When reputation precedes results, it can be beyond an athlete’s own abilities for that to change. This is more than evident in Formula 2 this year, where Nikita Mazepin has turned himself into a de-facto title contender
After 29 laps of the British Grand Prix-supporting F2 feature race, Nikita Mazpin parked his car at the turn in the Silverstone pit entry, jumped out, and performed the ‘knockout’ punch the air celebration. First F2 win in the bag. Job done.
The victory was built on his best qualifying result of the season in fifth, an expertly judged pass around the outside of Mick Schumacher at Stowe for the lead on lap three, and a calculated job of tyre management to build a comfortable lead.
This was a driver who, along with a few others on this year’s grid, has been easily stereotyped by incidents or spells of underperformance from earlier in his career – as well as by his father’s considerable wealth – and has certainly been accused of not being head-strong. When Mazepin sat down for the post-race press conference at Silverstone, he was demonstrating quite the opposite. A driver at his best is just as representative as a driver at his worst, and either way, Mazepin can often have a lot to say. How did that win feel?
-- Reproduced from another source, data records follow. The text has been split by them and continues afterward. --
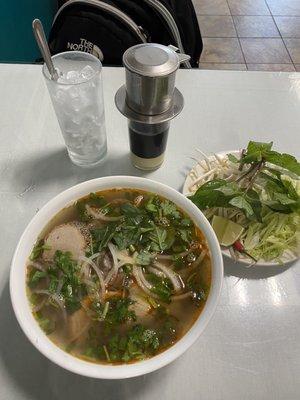 Bun Bo Hue with Vietnamese iced coffee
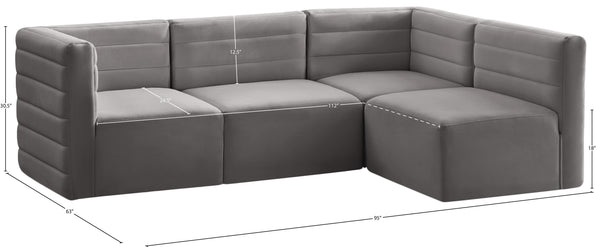 Quincy Velvet / Engineered Wood / Foam Contemporary Grey Velvet Modular Sectional - 95" W x 63" D x 30.5" H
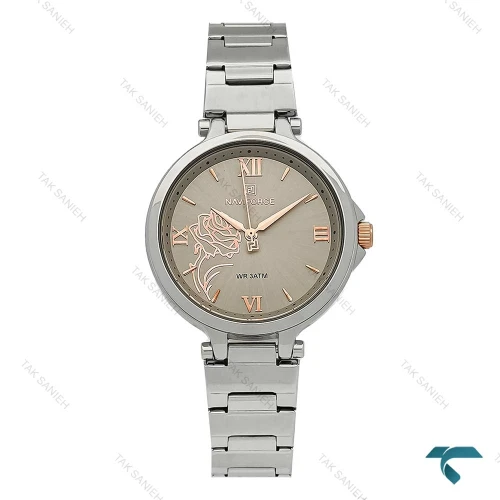 ساعت مچی زنانه ناوی فورس NF5060 نقره ای صفحه طوسی NaviForce-7743-L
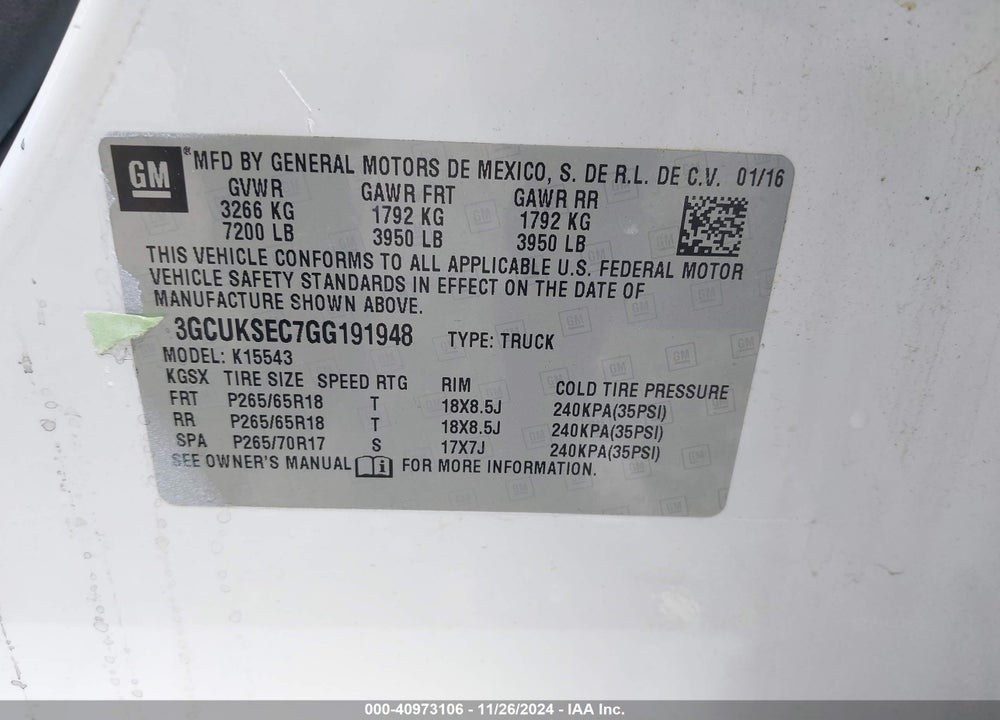 2016 CHEVROLET SILVERADO 1500 1LZ VIN: 3GCUKSEC7GG191948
“Fantastic. But to be very honest, I’m not really speaking from my heart at the moment,” he said. “Because there was quite some stress towards the end of the race because I wasn’t sure if I should be expecting a car on the alternative strategy, coming a few seconds quicker a lap, so I was very wary on how properly I have to drive and not make a mistake and the tyres by the end of the race were very difficult to handle.
“Because of that it’s very difficult to smile, because it’s not easy to let your guard down and just say everything is OK when the race is finished. But apart from this I’m over the moon for myself to recover after a difficult year and put in a good trend of a good Budapest; a good qualifying and a good race, and hopefully that will continue.”
More on Mazepin’s own difficult rookie F2 season later, but he also commented on his Hitech GP team’s first campaign.
“At the same time I’m extremely happy for my team because it’s their first year and a lot of things are going on behind the scenes. For the mechanics it’s been very difficult, with so many back-to-backs and being on the back foot after seeing the car very late in December for the first time. We had some issues and I really have a feeling that myself and the team are starting to work as one and really becoming a strong force.”
Those words have stood up to scrutiny, as he scored in both races at the next Silverstone round, was on course to stand on the Barcelona feature race podium before clocking a five-second penalty for going the wrong side of a bollard, then won the Spa-Franorchamps feature race before another five-second penalty picked up in battle dropped him to second. The points lost to those 10 added seconds alone means he’s fifth rather than second in the standings.
“I think most people don’t give Nikita much credit as a driver – the credit that he deserves – as they don’t really know his career and we often see people jump to conclusions,” says Oliver Oakes, who has guided Mazepin’s career since karts and is Hitech’s team boss. “The truth is that he has proved he is a good driver over the years.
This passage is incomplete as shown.